First "Magnitsky" sanctions to be imposed on Chinese human rights violators

EU ambassadors on Wednesday agreed to a new package of sanctions on four Chinese individuals and one entity over human rights violations targeting the minority Uyghur Muslim population, Politico reports.

The penalties are part of a new sanctions package that will punish several countries over human rights abuses.

The overall list includes 11 individuals and four entities in six countries, according to the diplomats. Among those facing punishments are two Russian individuals involved in alleged gay rights violations in Chechnya, according to one of the diplomats. The other sanctions will hit individuals and entities in Eritrea, Libya, North Korea and South Sudan.

The sanctions, consisting of asset freezes and travel bans, are being meted out under a new framework introduced last December, known as the "EU Magnitsky Act." They are expected to be formally approved at a meeting of EU foreign minister on Monday.

The Chinese sanctions concern the Chinese government's treatment of Uyghur Muslims in the western region of Xinjiang. Activists and U.N. human rights experts say at least 1 million Muslims are being detained in camps in the area.

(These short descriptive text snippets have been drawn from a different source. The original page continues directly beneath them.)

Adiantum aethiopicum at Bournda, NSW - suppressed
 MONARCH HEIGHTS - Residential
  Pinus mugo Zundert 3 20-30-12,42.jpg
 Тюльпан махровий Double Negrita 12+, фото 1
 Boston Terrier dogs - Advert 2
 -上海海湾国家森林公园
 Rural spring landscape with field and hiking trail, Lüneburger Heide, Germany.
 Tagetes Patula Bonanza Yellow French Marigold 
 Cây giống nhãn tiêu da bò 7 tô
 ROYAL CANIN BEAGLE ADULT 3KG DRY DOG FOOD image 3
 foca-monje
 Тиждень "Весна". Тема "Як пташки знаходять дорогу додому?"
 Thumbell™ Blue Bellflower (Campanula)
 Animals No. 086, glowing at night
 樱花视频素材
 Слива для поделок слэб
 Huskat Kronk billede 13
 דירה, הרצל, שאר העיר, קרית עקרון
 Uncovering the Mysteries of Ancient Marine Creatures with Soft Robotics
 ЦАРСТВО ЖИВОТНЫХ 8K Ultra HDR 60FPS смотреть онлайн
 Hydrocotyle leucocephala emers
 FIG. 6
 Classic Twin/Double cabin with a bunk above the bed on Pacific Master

These activists and some Western politicians have accused Chinese officials in the region of torture, forced labor and non-consensual sterilisations. The U.S. has labeled the situation a "genocide," a move followed by the Dutch parliament.

The Belgian parliament is due to debate the matter on March 25th.

China has continuously denied the allegations, saying the country is trying to fight religious extremism.